Committee members support Inuit
Many on the committee, like Bloc Quebecois MP Bernard Cleary, expressed support of the Inuit on this issue, and didn't buy the RCMP's version of events.
"I prefer to rely on what I heard here from the people who spoke to us," said Cleary. "They are the ones who lived through this experience," said Cleary.
Northern Quebec Senator Charlie Watt had strong words about why he feels this judicial inquiry should move forward.
"We all know that back in the 1950s and 1960s...the government of the day ... had a policy. The system in the country had a policy to slow down the ability of the nomadic people to move around in the country in order to bring their kids into the community to be educated. We all know that," he said.

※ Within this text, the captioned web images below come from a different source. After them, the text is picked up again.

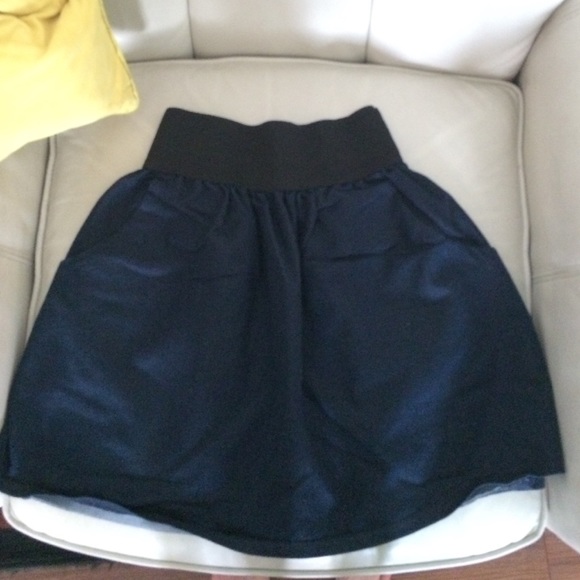 Blue Skater Skirt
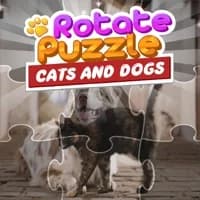 Rotate Puzzle - Cats and Dogs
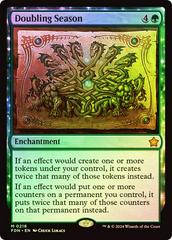 Doubling Season [Foil] #216 Magic Foundations Prices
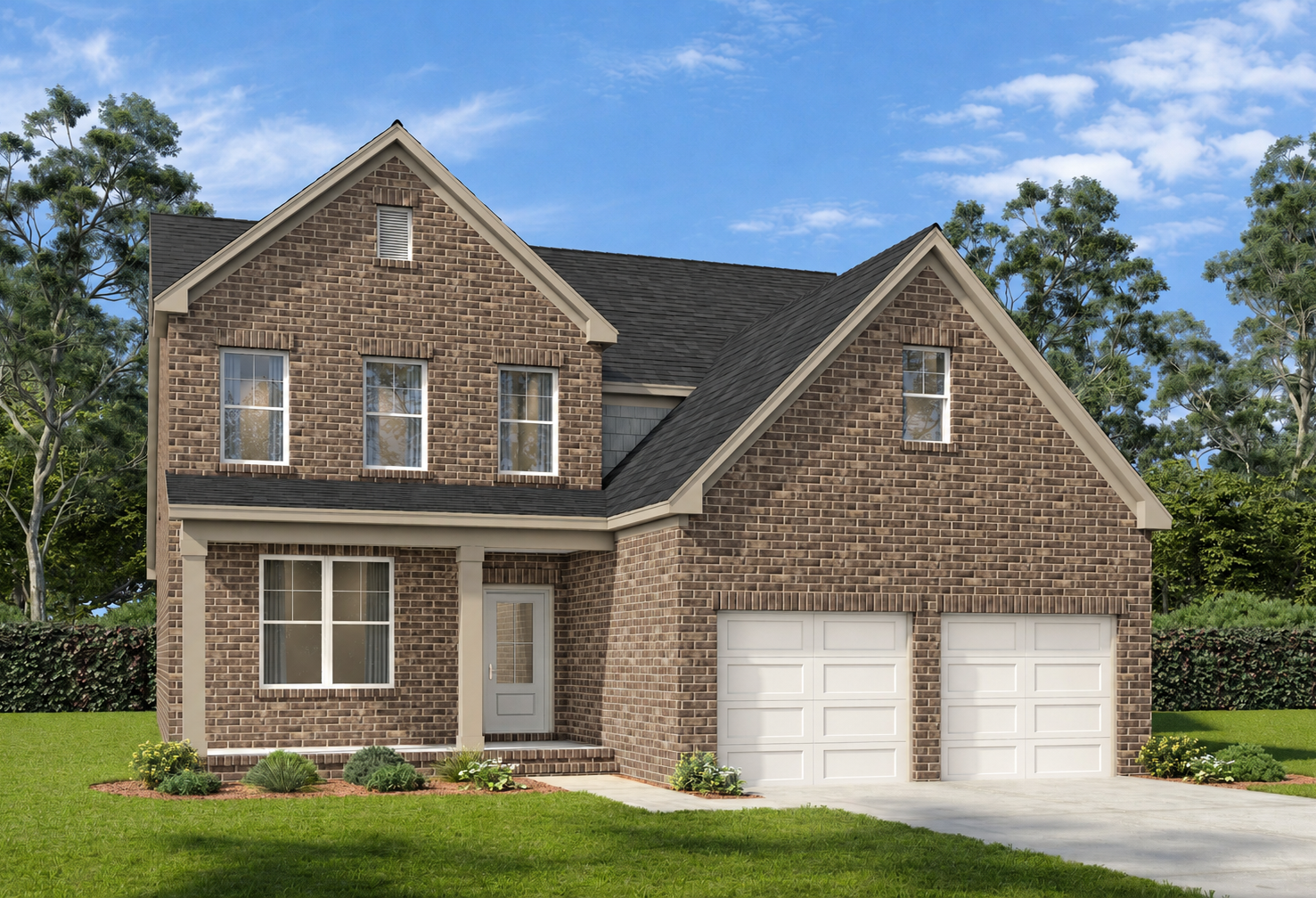 Exterior view of Davidson Homes' The Ash A-BF Floor Plan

"That was one of the big factors as to why dogs were slaughtered."
So far, there is no word yet from federal justice minister Anne McLellan whether or she supports the call for the judicial inquiry.
Entered into evidence:
Joanasie Maniapik, now an elder, was living with his family at a camp located outside of Panniqtuuq in 1965. He recalled his experience for the Standing Committee on Aboriginal Affairs in Ottawa, March 10:
"Back in 1965 my dogs were killed, around March 13. I had gone to buy supplies using my dog team. My wife was back at the camp, and I was going to go back to my camp the next day. Because I was going to leave the next day, I went to buy supplies right away.
"As I was buying supplies, someone approached me and said my dogs were being shot. I went down to see what was happening and I saw two police officers. There was an officer and an assistant, and all my dogs were dead... I was in so much pain. My life was destroyed. I tried taking their harnesses off. As I was trying to take them off, I was crying."